選出されたアーティストは、オンラインのリサーチと松戸でのリサーチ・滞在制作を一連のプロジェクトとして実施することができます。COVID-19の状況により滞在制作期間に日本入国が叶わない場合であっても、滞在用の部屋はアーティストのために確保されます。
このロングステイプログラムの内容を考えている時に、藤原辰史さん(農業史研究者、京都大学人文科学研究所准教授)による『分解の哲学』*という本を友人より勧められ読みました。第6章「修理の美学――つくろう、ほどく、ほどこす」の中で、「時(とき)」というのは、「解く(とく)」という字が変化してできているという説があることを知りました。それは「あなた」と「わたし」が共有している間に積み重なる時間のことではなく、「わたし」が「あなた」を想う時に、時間が解体されて、時が発生するという考え方です。

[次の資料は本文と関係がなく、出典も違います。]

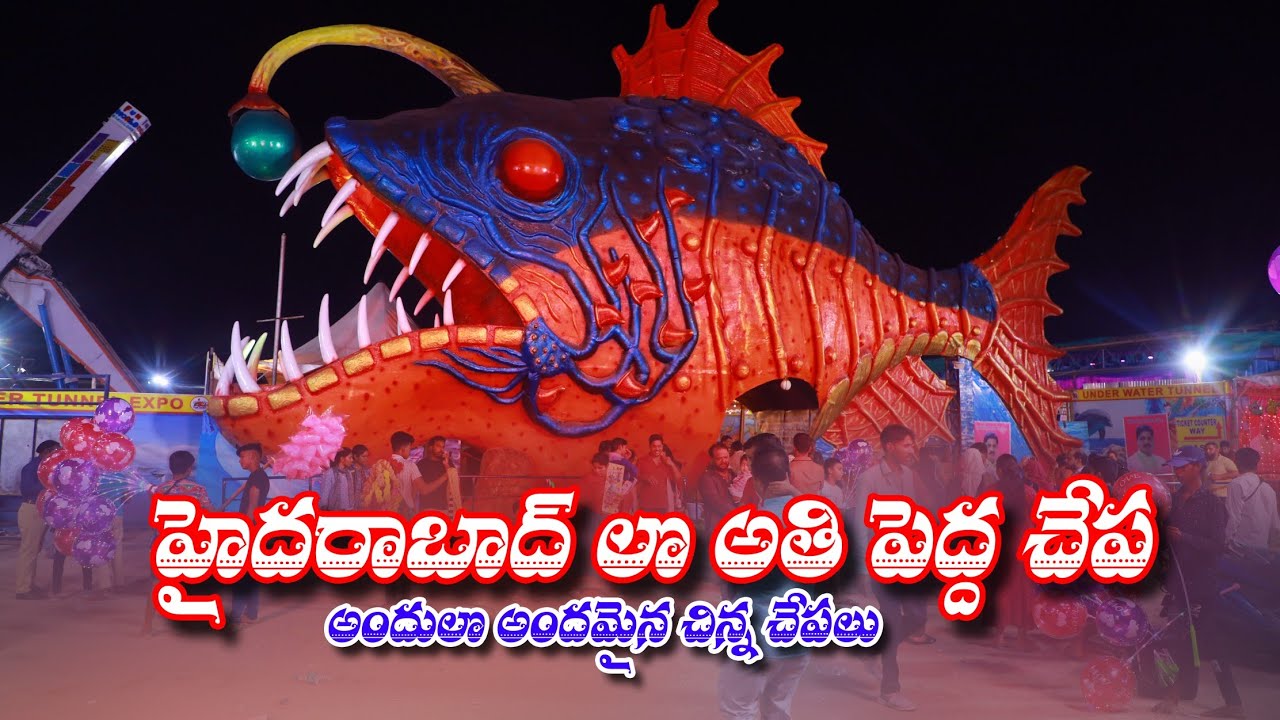 Underwater Tunnel Aquarium In Kukatpally YouTube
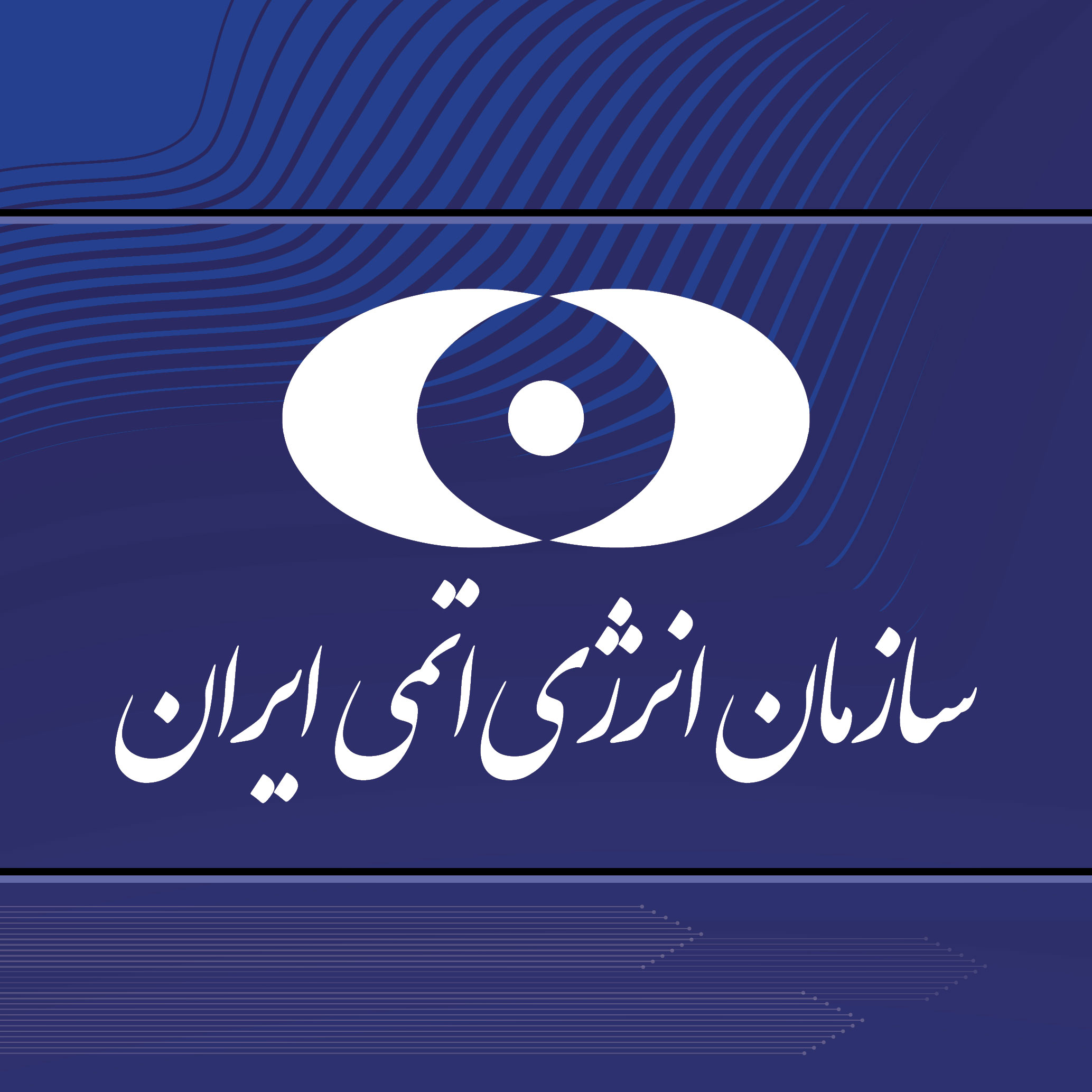 سازمان انرژی اتمی ایران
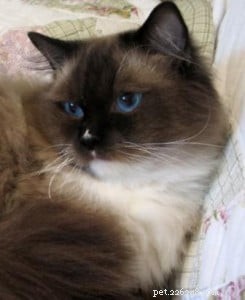Ragdoll Cats with Stunning Blaze Patterns – Beautiful Photos
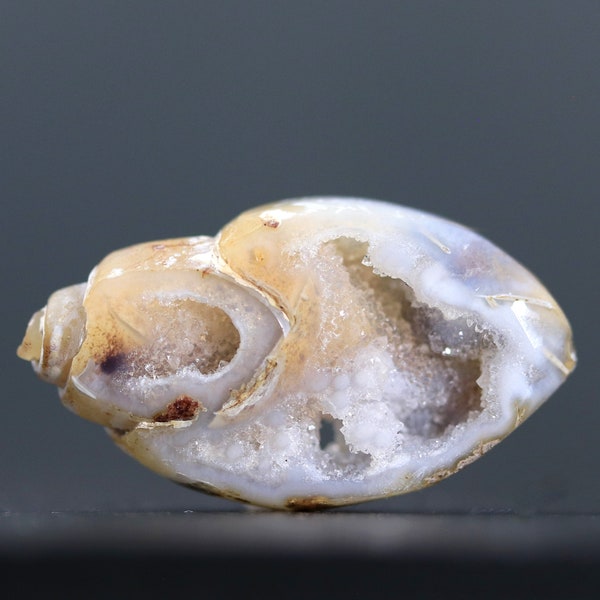 Fossilized Snail with Druzy Cabochon Raw Gemstone Sparkly Crystals, Collectible Shell Drusy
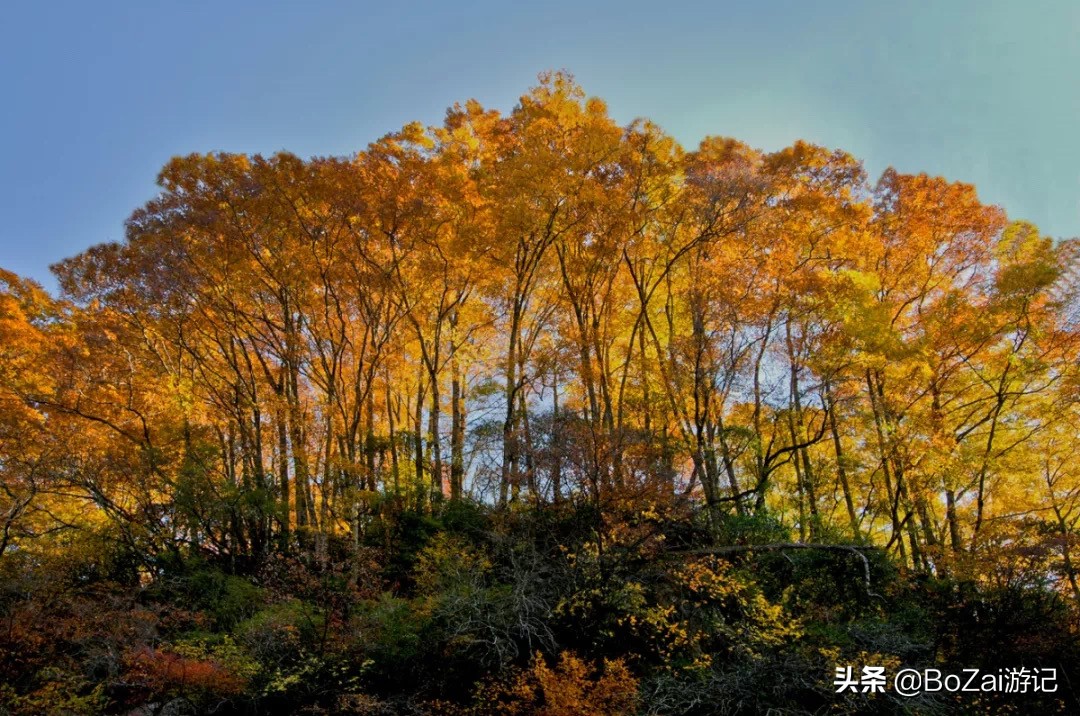 到四川巴中市旅游必去的10個(gè)景點(diǎn)，你去過(guò)幾個(gè)？最喜歡哪個(gè)景點(diǎn)？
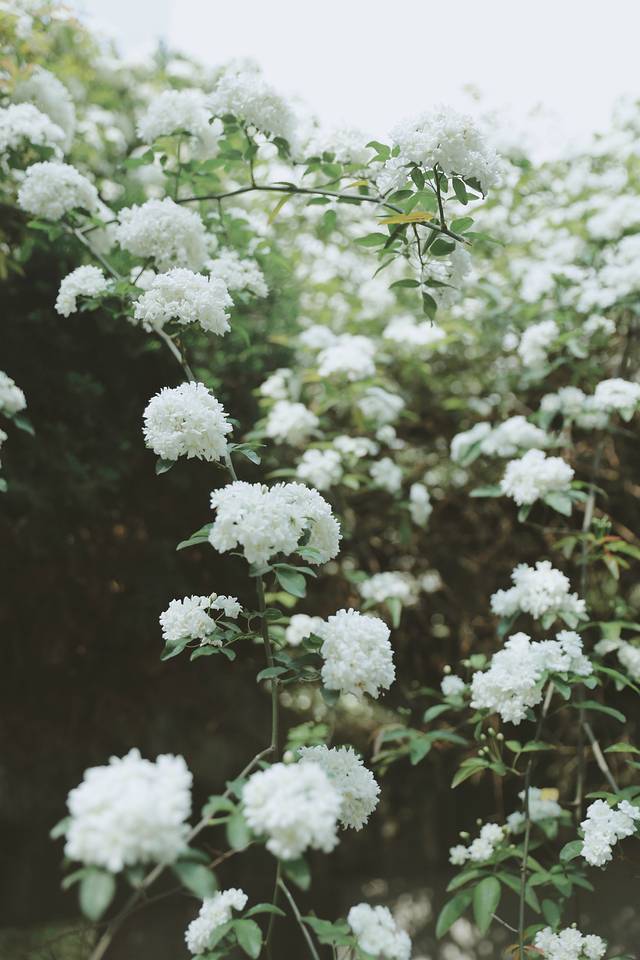 四川大学(望江校区)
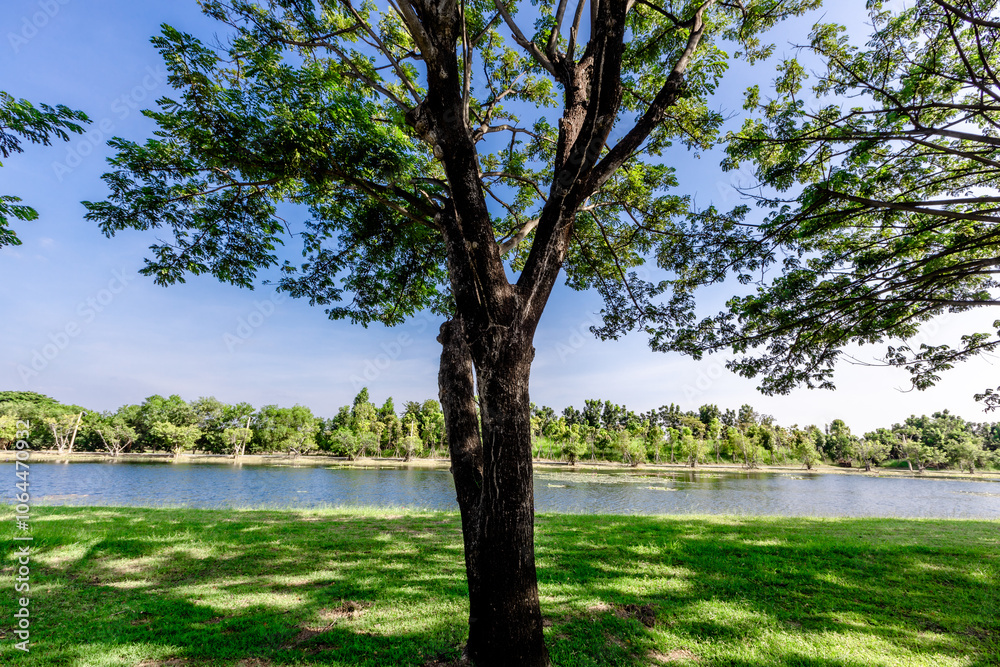 Obraz premium Green nature landscape background of rice fields, fresh air and various trees of mountains surrounding. The way of life of the farmers community who grow crops for their living.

「時を解く」ことを意識してみることが今回のLONGSTAY Programを楽しむアイデアなのでは、と想像しここで共有させてもらいました。2021年の8月-11月あたりに直接、会えるかもしれないし、会えないかもしれない。行為の実現の約束が難しい今だけれども、PARADISE AIRではとりあえず時間と部屋を空けて、音楽でも聴きながら待ってみますね。
*このコロナ禍で、私たちPARADISE AIRがあなたと並存する時間と場所を捉えるヒントになった本です。出版されているのは日本語版のみなので、応募にあたっては、本を読まずに想像力をふくらませてみることも歓迎します。